The present case demonstrated that endoscopic minimally sub-axillary skin incision ASD closure is possible for patients as young as seven years of age However, this does not mean that visualization of the intrathoracic structures is as good as that in adults. It is known that a wide view is only accomplished if there is a wide free space for an endoscope to move freely. This is the reason why laparoscopic surgery necessitates intra-abdominal insufflation to create a surgical domain.⁹⁾ The visualization of the ASD was, in retrospect, not excellent in this small patient. In this case, considering a cosmetic benefit, a 30°-angled endoscope was inserted from the future hole for the chest tube. It allowed excellent visualization of the aortic root. This is essential in mini-incision cardiac surgery because injuries of the left atrium or pulmonary artery by the aortic cross-clamp can be a reason for conversion to median sternotomy. In addition, bleeding control from the cardioplegia needle is crucial in the same procedure. However, we found that when the endoscope is inserted from the caudal portion to the thoracotomy, it does not allow visualization of the inferior part of the ASD, as it is hindered by the atrial wall. A lesson learned from this case was that the endoscope should be placed posterior to the main incision, at the similar intercostal level. By doing this, one could visualize almost entire operative filed including the atrial septal defect. This hole is still usable for the chest tuber placement.

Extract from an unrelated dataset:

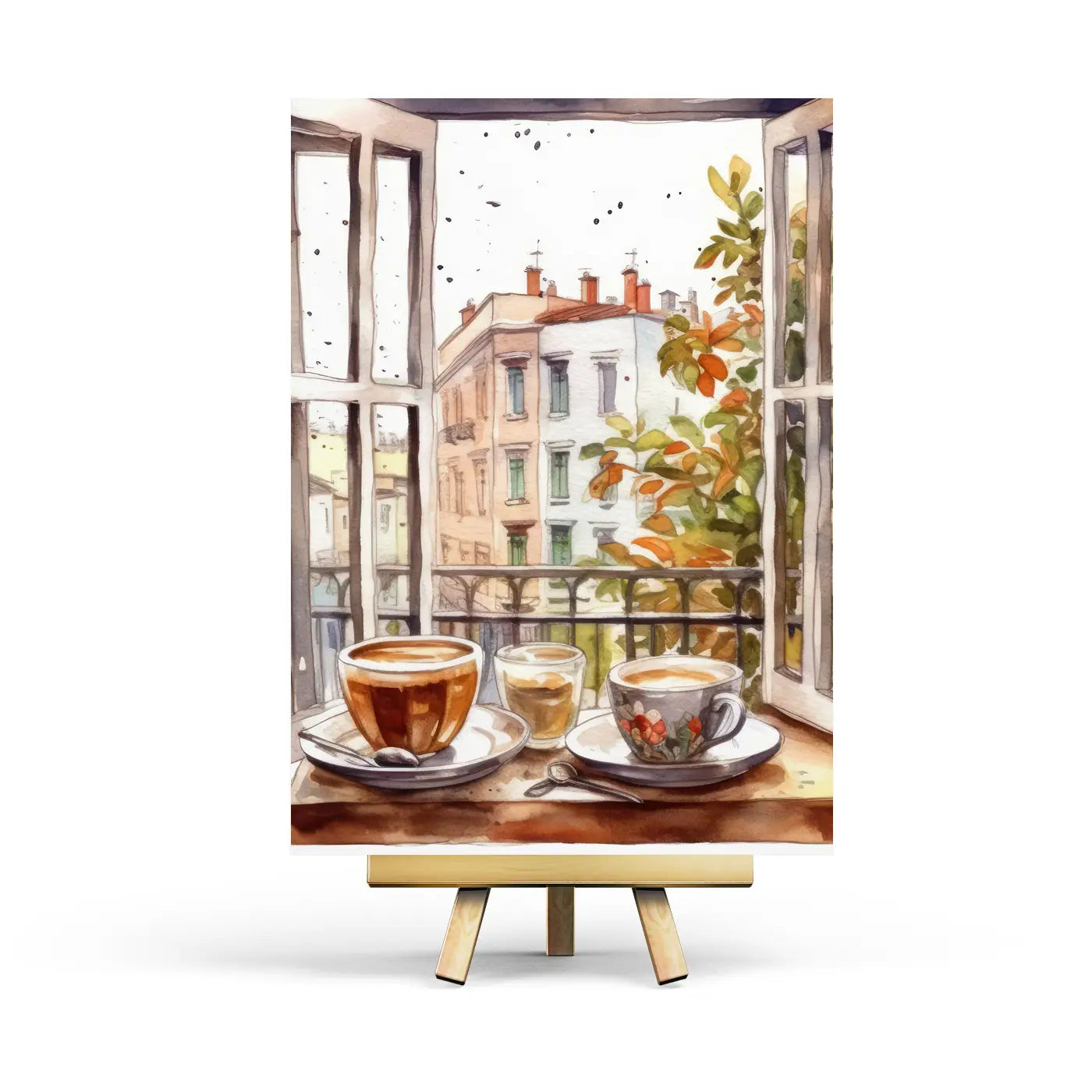 Coffee the Window Postcard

The inference learned from this case is that a vertical sub-axillary mini-skin incision was possible with the aid of an endoscope, without making an extra skin incision apart from that for femoral cannulation. Endoscopic insertion through a chest tube incision allows excellent exposure of the aortic root, which improved the safety of the operation. In contrast, it did not allow clear visualization of the ASD. Whether to add an extra incision for the endoscope should be decided by balancing the cosmetic benefits.